Efficiency Maximization of a Direct Internal Reforming Solid Oxide Fuel Cell in a Two-Layer Self-Optimizing Control Structure

Abstract

Control system configuration is essential for the efficiency performance of a solid oxide fuel cell (SOFC). In this paper, we aim to report a novel two-layer self-optimizing control (SOC) system for the efficiency maximization of a direct internal reforming SOFC, where the efficiency index is defined as the profit of generated electricity penalized by carbon (CO2) emission. Based on the lumped-parameter model of the SOFC, comprehensive evaluations are carried out to identify the optimal controlled variables (CVs), the control of which at constant set-points can optimize the efficiency, in spite of operating condition changes. In the lower SOC layer, we configure single variables as the CVs. The results show that the stack temperature is the active constraint which should be controlled to maintain the cell performance.
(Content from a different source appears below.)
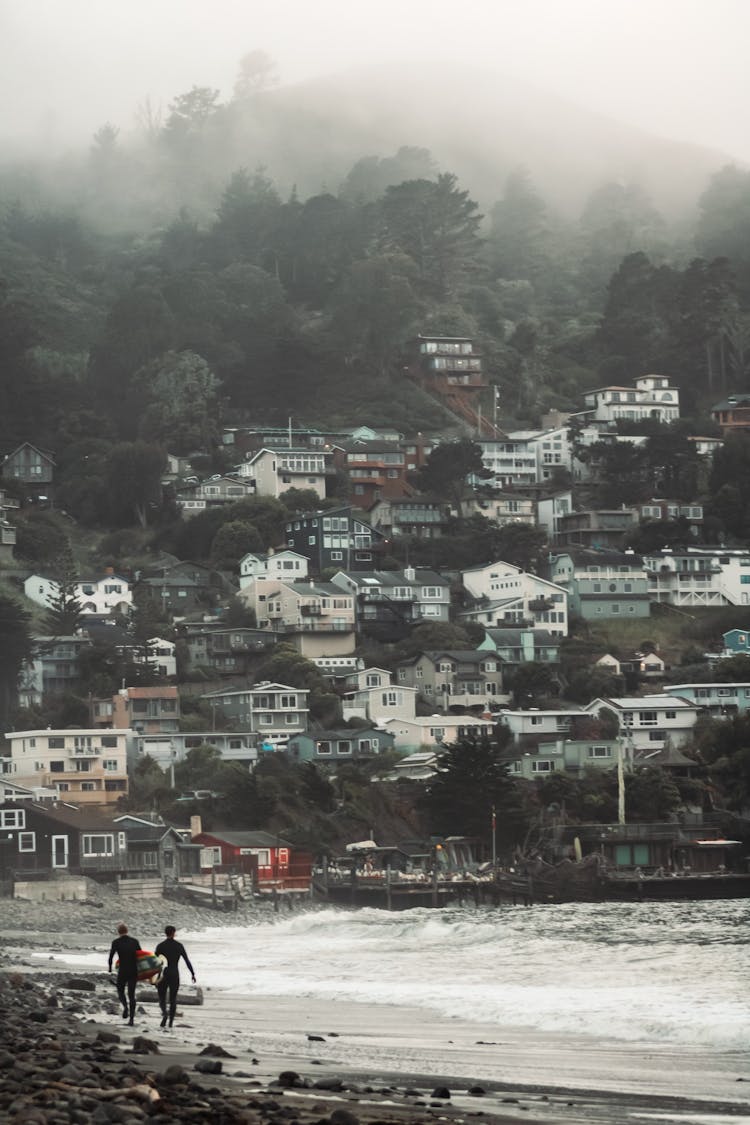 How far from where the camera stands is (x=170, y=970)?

In addition, the outlet hydrogen composition is identified as the optimal CV. This result differs from several previous proposals, such as methane composition. In the presence of operating condition changes, the set-point of hydrogen composition is further automatically adjusted by the upper SOC layer, where a linear combination of the SOFC measurements is configured as the CV, giving negligible efficiency losses. The cascaded two-layer SOC structure is able to maximize the SOFC efficiency and reduce carbon emission without using online optimization techniques; meanwhile, it allows for smooth and safe operations. The validity of the new scheme is verified through both static and dynamic evaluations.